For commands that stop processes (e.g. destroy, stop, stop_node, restart), add a -f/--force flag that kills them with SIGKILL. This is in response to the recent regression that caused yb-ctl to be unable to stop postgres processes. For developers, we need to manually kill the processes each time (or write a script ourselves). Having this built into yb-ctl will help for now and other future hiccups.
Hi I'll work on this
Great! The "recent regression" is issue #6258, and yb-ctl is at scripts/installation/bin/yb-ctl. One way to test it would be to
./bin/yb-ctl destroy --force and see it worksIf you don't have easy access to a centos machine, maybe you can find some other condition that gets the processes badly stuck. Currently, index backfill with an ongoing long CREATE INDEX might qualify.
thank you for the clear explanation @jaki.
is it only happen on centos or could happen in another Linux distribution?
@adzimzf, I heard that it does not happen on mac. Maybe it may happen on ubuntu. It for sure happens on centos. Those are our three supported OSes at the moment.
okay noted. I'll try on ubuntu first if it doesn't occur I'll try on centos.
Hi @jaki I've created the PR
I tested it by creating a table with 200K data, then create an index on it, while it's still in processing I run yb-ctl stop and the other commands
@adzimzf, to be clear, you tried without --force and it didn't work (immediately) but with --force it did?
yes, with --force it stopped immediately.
is it enough to reproduce?
We need a control test. If it stopped immediately without --force, then it doesn't demonstrate that --force is useful. It's important to find a situation that shows a clear improvement using --force vs not using it.
One example I found (after switching to using SIGQUIT for postmaster) was https://github.com/yugabyte/yugabyte-db/issues/6269#issue-735746516. However, that got fixed not too long ago (commit 5fd432910f5dd9061e90f90dda893048aa6fa4cb), so I prefer finding a different test. You could try really stressing out the system and hope that regular yb-ctl stop won't work (immediately) whereas --force does.
In my testing, creating an index on a table with 200K data takes around 1 minute. then I drop the index and re-create the same index, while it's creating I run yb-ctl stop. It hangs (both yb-ctl stop and ysqlsh) for more than 5 minutes until I hit CTRL+C to quit the process on yb-ctl stop terminal session, then I run yb-ctl stop again, it'll hang for more than 5 mins as well. After I hit CTRL+C I run yb-ctl stop --force then it stops immediately.
I'm not sure this's enough to show a clear improvement using --force or not using it. But I'll try another possibility.

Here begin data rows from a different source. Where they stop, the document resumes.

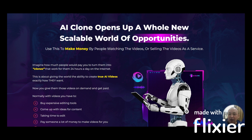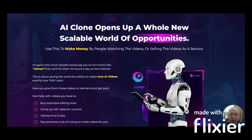That's it for now. Thanks a lot for watching this AI Clone review. If you have any questions regarding AI Clone or my bonuses, just leave a comment below and I will answer them. Have a nice day!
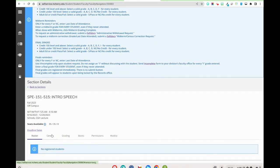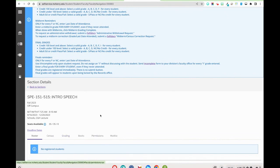Under the grading tab you'll see your midterm and your final exam, and then you'll be able to save and submit those grades.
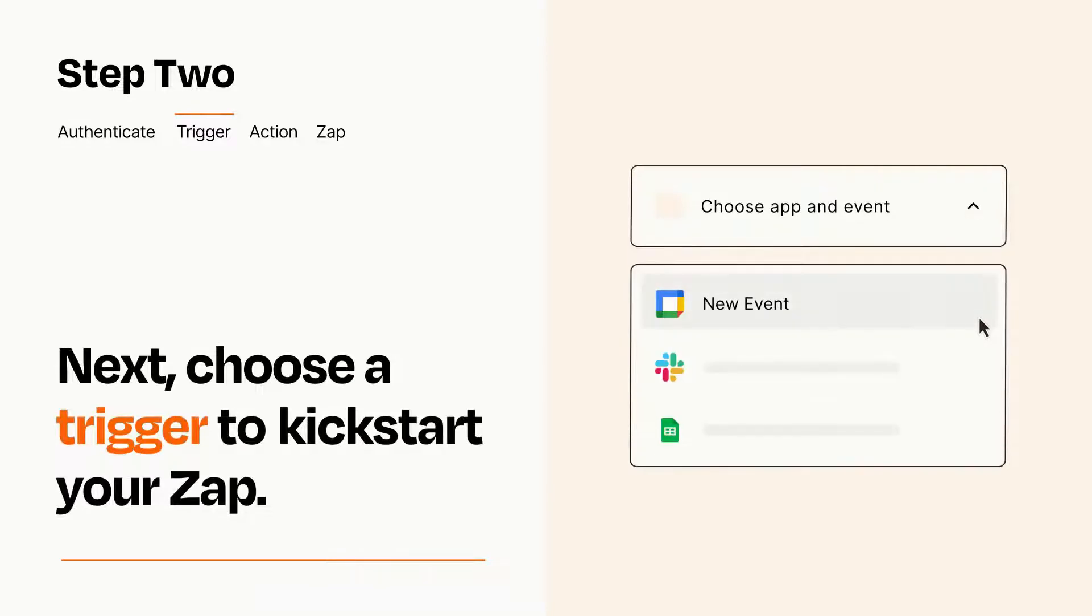Now let's set up your trigger, which is the event that starts your Zap. Pick the trigger event that you want from the list.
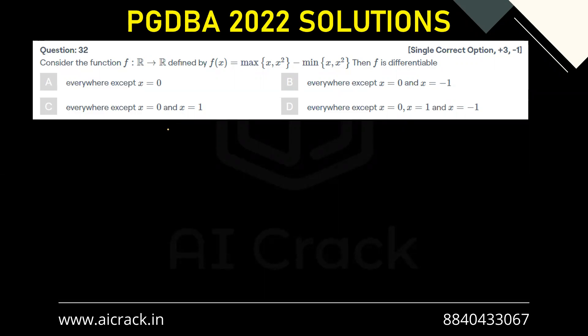Let's solve question number 32. Consider the function f: R to R defined by f(x) = max(x, x²) minus min(x, x²). We need to determine where f is differentiable. These kinds of questions are generally solved by graph plotting or by making them piecewise functions, so let's do both.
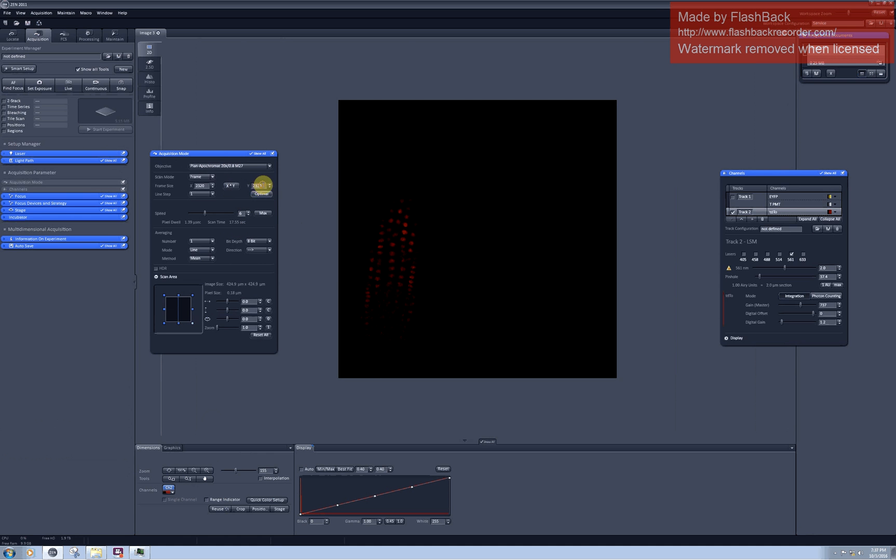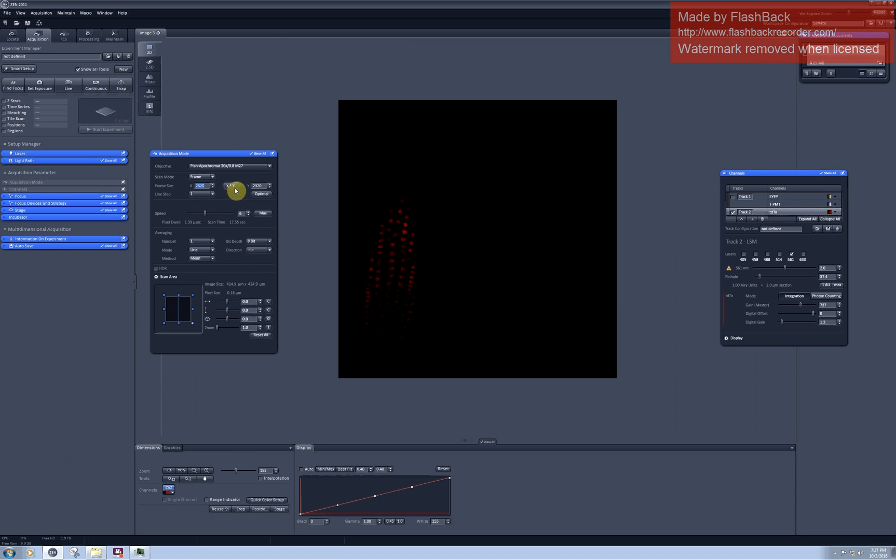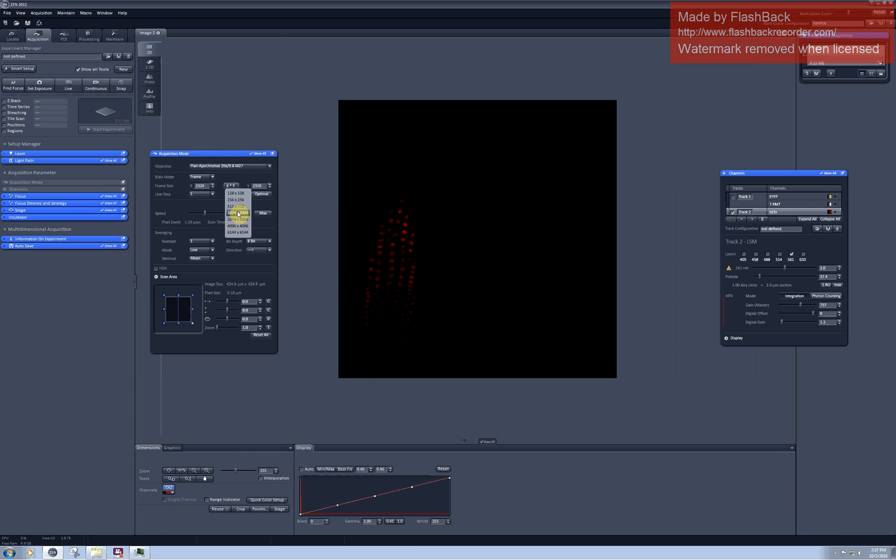You rarely need to have 2320 by 2320 pixel images. It's rather poster size. Usually this resolution will be sufficient for most publications, but be aware that sometimes you will need to crop your images and then it will be better to go to higher resolution.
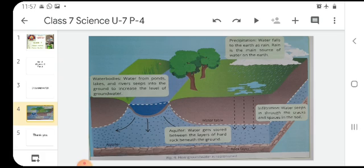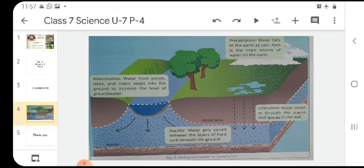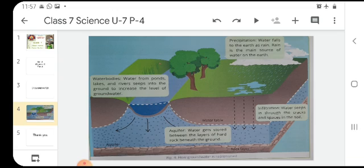When the rain comes to the earth, what happens? Infiltration - water seeps in through the cracks and spaces in the soil. Aquifer means water gets stored between the layers of hard rock beneath the ground. Then water bodies - water from ponds, lakes, and rivers seep into the ground to increase the level of groundwater. So this is how groundwater is replenished.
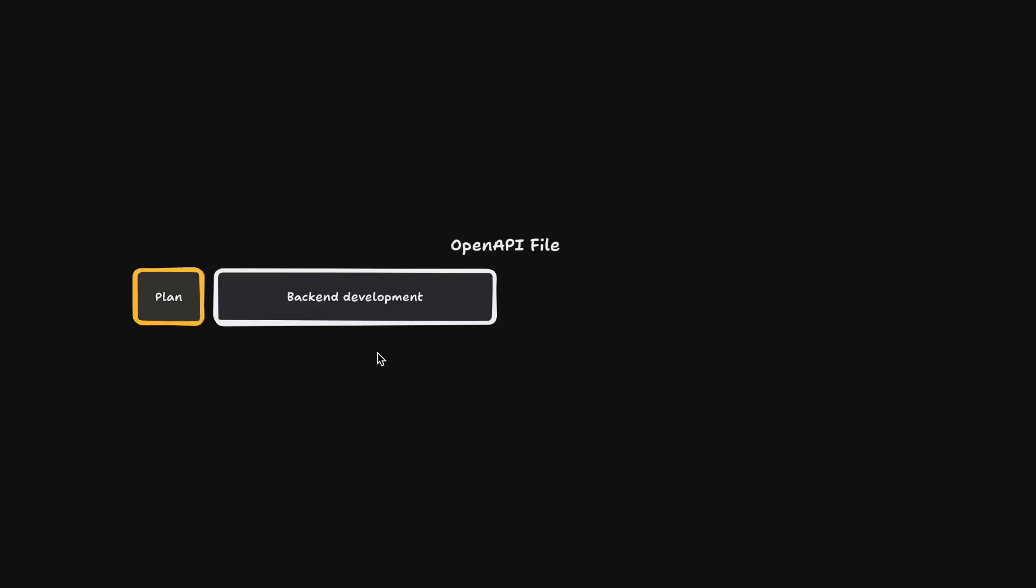As soon as this is done, we implement the backend changes and end with a live API along with an OpenAPI file.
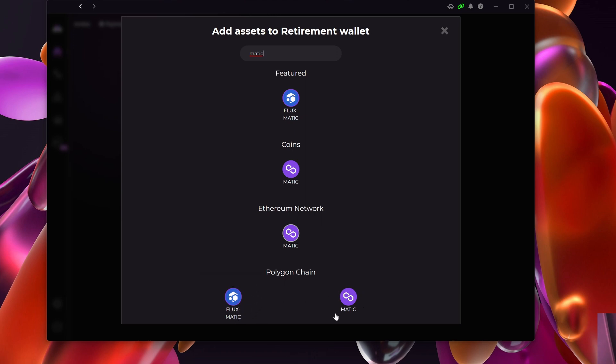We will do a video later when I'm going to try and convert FluxMatic into native Flux. For that I would need actual Matic on the Polygon chain. It's just important to remember that if you are going to swap over your FluxMatic to actual Flux, you would need to have Matic on the Polygon chain, not the Ethereum chain, to pay for the fee.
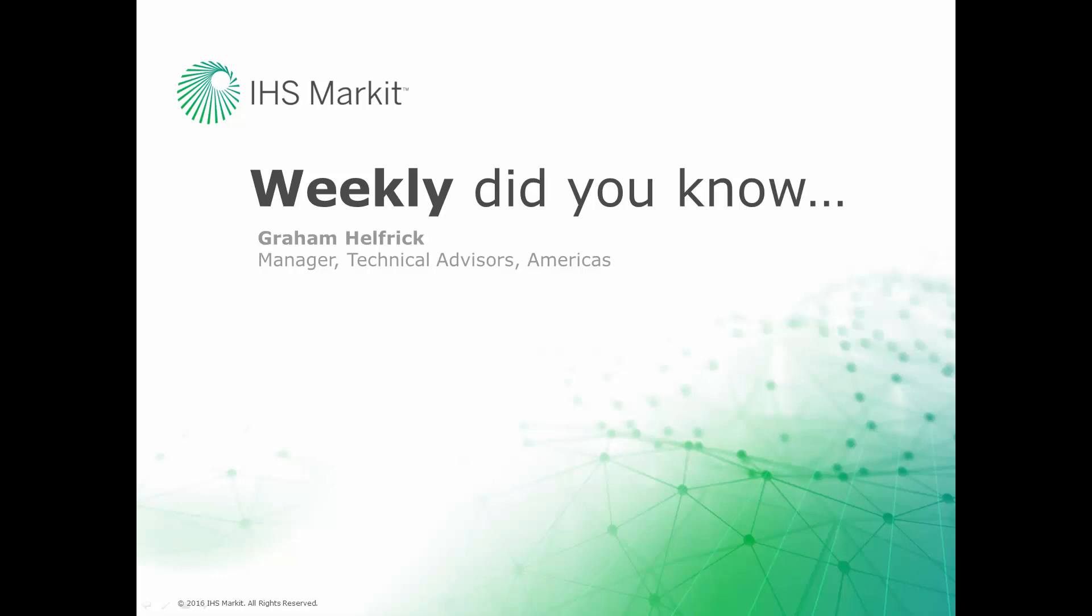Hi, this is Graham Helfrich, Technical Advisor Manager for the Engineering Software here at IHS Markit. Welcome to the weekly Did You Know episode, where we learn how to do something of value that you probably didn't know about your IHS Markit engineering software.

Whether yb-ctl hangs or not shouldn't be a problem compared to whether yb-master, yb-tserver, and postgres processes hang. Especially pay attention to postgres proceses. With ysqlsh open, you should see it terminate connection (if it were running a command) or terminate connection when you attempt the next command (if it were not running a command). That's what I got when using SIGQUIT for Postmaster; using SIGKILL, it was not user friendly because input like \q didn't work.
An easy test, as I explained at the start, is issue #6258. It got fixed recently, but you can just revert the commit. SIGQUIT gives
FATAL: terminating connection due to administrator command
server closed the connection unexpectedly
This probably means the server terminated abnormally
before or while processing the request.
The connection to the server was lost. Attempting reset: Failed.
!>
which is good because the user can exit. SIGKILL makes existing ysqlsh hang, which is bad.
yes, I agree,
I also got the ysqlsh is hang after I ran yb-ctl stop --force, will update.